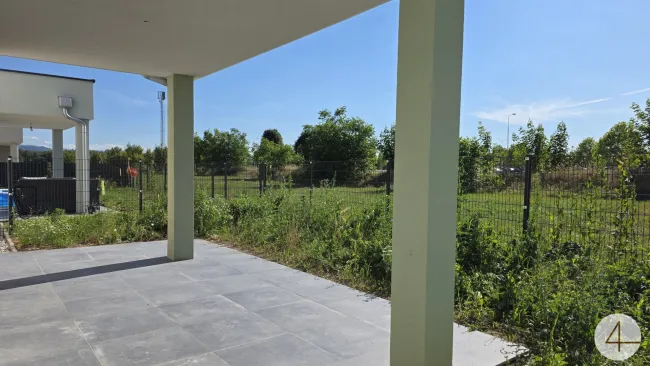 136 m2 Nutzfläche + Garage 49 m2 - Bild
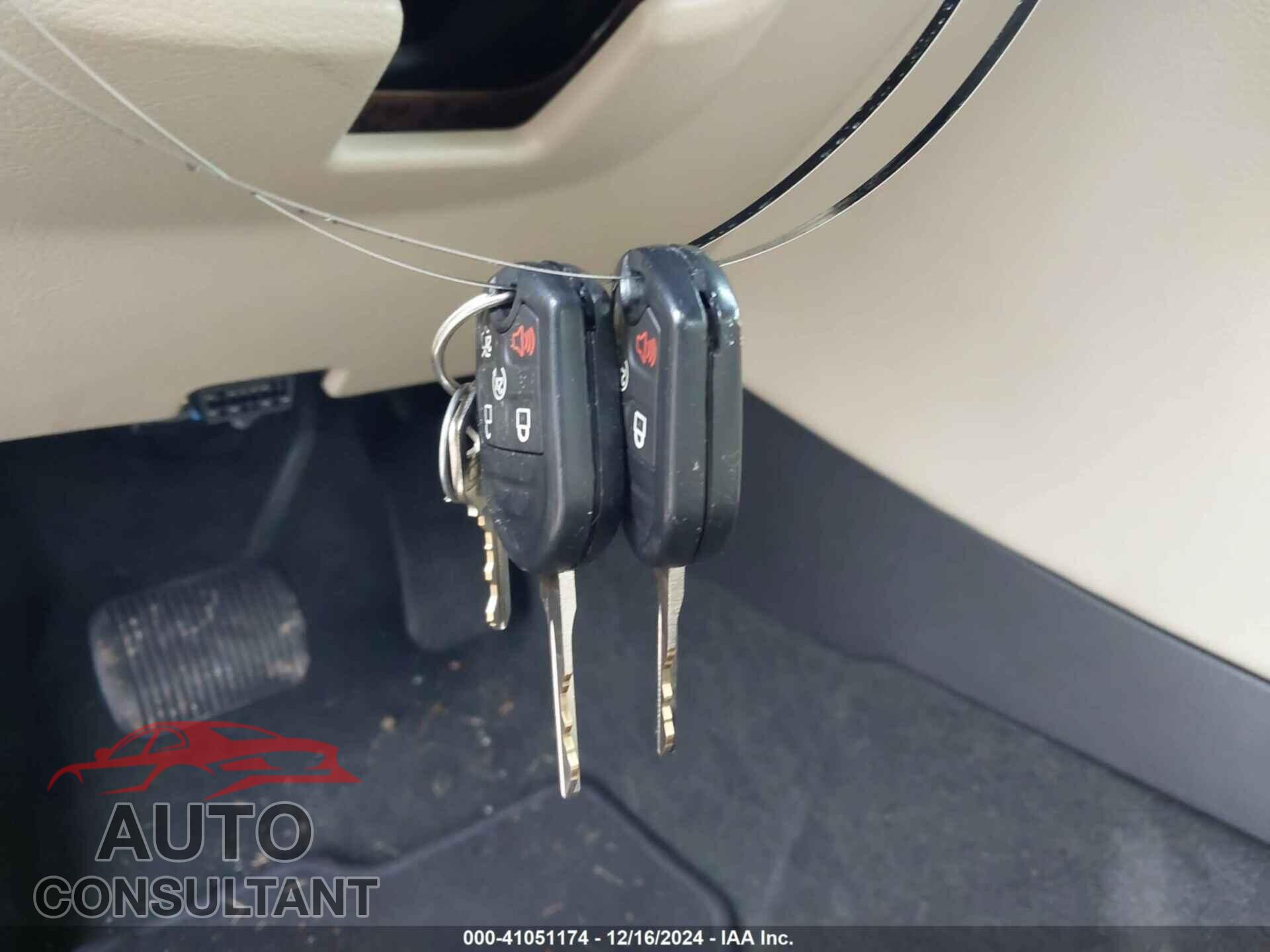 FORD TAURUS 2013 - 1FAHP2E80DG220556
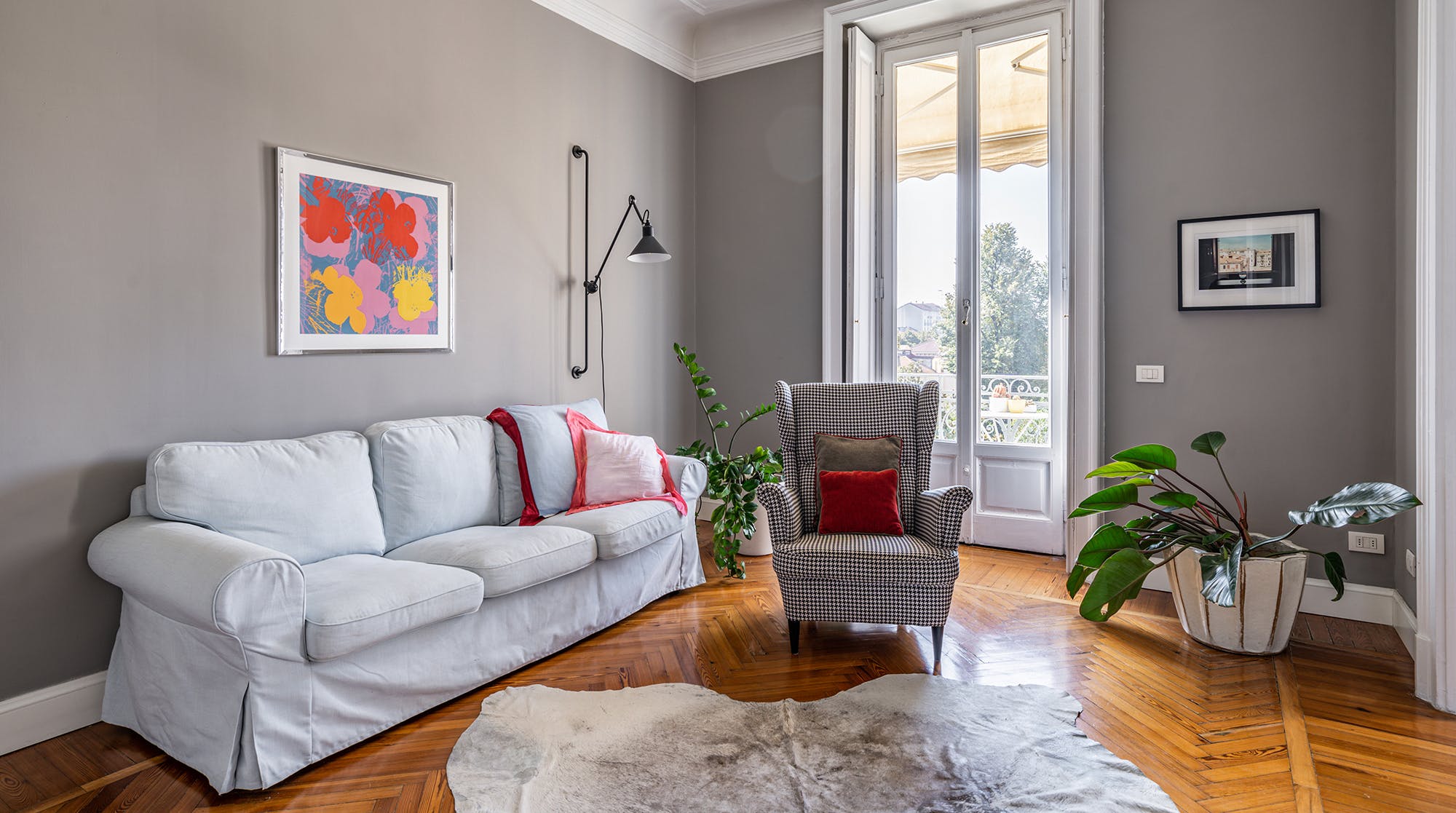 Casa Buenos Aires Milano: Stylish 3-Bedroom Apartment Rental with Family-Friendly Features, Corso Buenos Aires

● ● ●

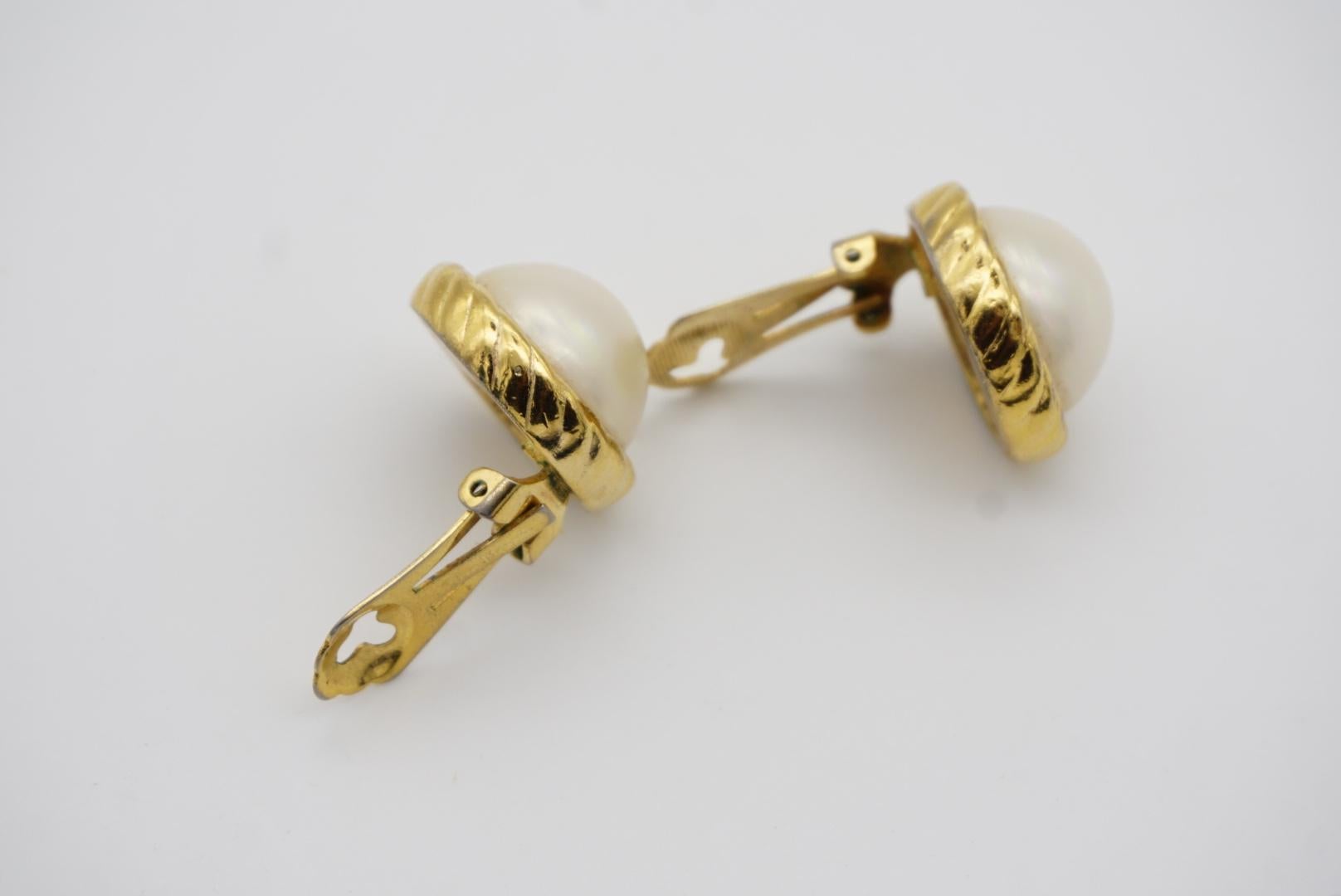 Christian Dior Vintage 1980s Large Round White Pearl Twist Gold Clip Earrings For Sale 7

● ● ●

- _WORK TASK_:
Reproduce the listing above exactly from the line containing "136 m2 Nutzfläche + Garage 49 m2 - Bild" up to and including the line containing "Casa Buenos Aires", omitting any images and everything outside those lines.

- _RESPONSE BELOW_:
 136 m2 Nutzfläche + Garage 49 m2 - Bild
 FORD TAURUS 2013 - 1FAHP2E80DG220556
 Casa Buenos Aires Milano: Stylish 3-Bedroom Apartment Rental with Family-Friendly Features, Corso Buenos Aires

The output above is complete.